Dataset content:
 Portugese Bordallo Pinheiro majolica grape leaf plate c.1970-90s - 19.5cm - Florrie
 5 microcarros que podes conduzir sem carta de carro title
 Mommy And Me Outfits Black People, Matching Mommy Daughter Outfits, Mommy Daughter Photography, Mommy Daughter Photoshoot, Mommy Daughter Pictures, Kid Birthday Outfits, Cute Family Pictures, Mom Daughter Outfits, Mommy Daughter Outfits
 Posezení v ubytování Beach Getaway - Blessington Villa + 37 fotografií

Problem requirements: Would you retype the whole listing, exactly as it reads?

Solved exercise:
 Portugese Bordallo Pinheiro majolica grape leaf plate c.1970-90s - 19.5cm - Florrie
 5 microcarros que podes conduzir sem carta de carro title
 Mommy And Me Outfits Black People, Matching Mommy Daughter Outfits, Mommy Daughter Photography, Mommy Daughter Photoshoot, Mommy Daughter Pictures, Kid Birthday Outfits, Cute Family Pictures, Mom Daughter Outfits, Mommy Daughter Outfits
 Posezení v ubytování Beach Getaway - Blessington Villa + 37 fotografií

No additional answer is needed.